Well…our experience at the Koroenburg Festival was a bit like that (and I don't mean romantic!).
It was a wonderful day for a stroll through the Faire. The weather was just right, our costumes (including Chaucer’s dragon costume) were perfect, and I was ready to dive deeply into one of my fantasy/Renaissance personas. Unfortunately, like Richard in Somewhere in Time, every time I got to the brink, something pulled me back.
After turning in our tickets and leaving the real world behind, we walked through the front gate into a world of fantasy and festivity. I silently counted to three and switched from Lianna to Valoria, the powerful but benevolent sorceress who had come to the faire with her lover and their pet dragon.
I was just getting fully into character when we ran into a Faire employee (some sort of official greeter methinks), standing on top of a building. He was dressed in an acceptable Renaissance peasant costume…well…it would have been acceptable if he hadn’t been wearing modern sunglasses! Boom! Swisssssh! I was yanked back into the real world and became Lianna in a costume again! DAMN!
The smart ass then proceeded to point out that Chaucer was nothing more that a dog in a dragon costume. Well, @#$%ing DUH! This isn’t 16th century Germany either! This is a place where we pretend. This is a PRETEND Renaissance Faire! This is a place where we can be someone or something that we can’t be out in the mundane “real” world. Our dog can be a bloody dragon if we want him to be, and you (a Faire employee!) just ruined the experience for us because you wanted to act like a stupid sixteen year old boy and prove to us that we couldn’t fool you with the dog in the dragon costume. What a dumb ass.
I won’t go into verbose detail here, but just let me say that this happened again and again. The merchant with sunglasses, the “Renaissance” music group that played “Tequila” and “We Will Rock You”, the drummer (with a modern cymbal stand) on stage between performances on his cell phone and the man in costume walking down the main street of the Fair carrying an empty Starbucks cup, yelling “Starbucks for the poor!”.
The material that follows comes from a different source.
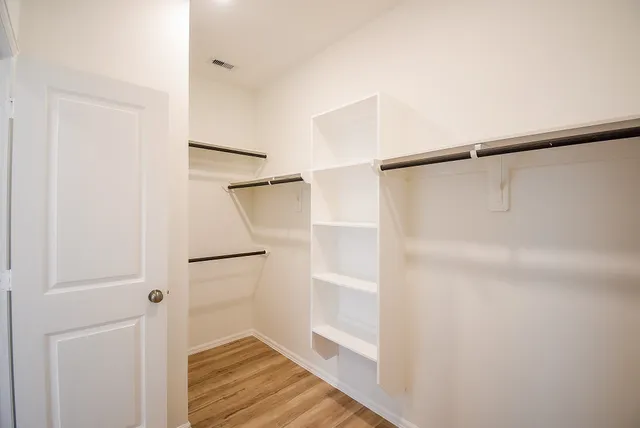 $2,900 | 3716 Vail Spgs Drive, Richmond, TX 77469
The coup-de-grace happened while I was waiting near the privies for Pam. As Chaucer the dragon and I were standing there, some shit for brains, not in costume, red neck, gnawing on what looked like a chicken bone (or perhaps a fried rat), looked at Chaucer and said, “I have a Pit Bull at home that could kick your dragon’s ass!” After he passed, I muttered loudly enough for one or two people to hear, “Gee, that’s too bad you stupid asshole.” Now, I could have yelled something at the bone munching moron like, “Thou, like thy odious currish mutt, are a craven unwash'd miscreant!” or, “Thou warped, swag-bellied, knave!”, or, “Thou bootless, pox-marked, pumpion!”, but what was the use. Luckily for the cretinous goober, I wasn’t Valoria the Sorceress, or I would have turned him into a pile of shit. Hmmm…wait a second, that may have been an improvement!
I must admit that as horrid a picture I may have painted of our Faire experience, we did have a fairly good time (sorry for the pun!). Most of the people at the fair were pleasant and I did have a good time roleplaying with a person or two. Our photos were taken numerous times and compliments were many. I was happy to see that there was a whole new section (called “New Koroneburg”). Unfortunately for the vendors in this new section, it was somewhat sparsely populated. There were some very interesting (in some cases and overpriced) items for sale and I particularly enjoyed the “Queen’s Swordsmen” a Shakespearian fencing/acting duo (though they couldn’t hold a foil to “Sound and Fury). I guess that my Faire standards are closer to those of the higher values of The Renaissance Pleasure Faire and, because of this, I found Corona Faire somewhat lacking.
Yes, we will return to Koroneburg again next year (and perhaps earlier when Pam’s nephew comes to town), but my expectations won’t be very high, I won’t compare it to the Southern California Renaissance Pleasure Faire (where Faire employees DO NOT wear sunglasses), I shall beware of red-necks bearing chicken legs and peasants wearing dark glasses and I shan’t carry any modern pennies!
I give the Koronburg RenFaire three Wyveries.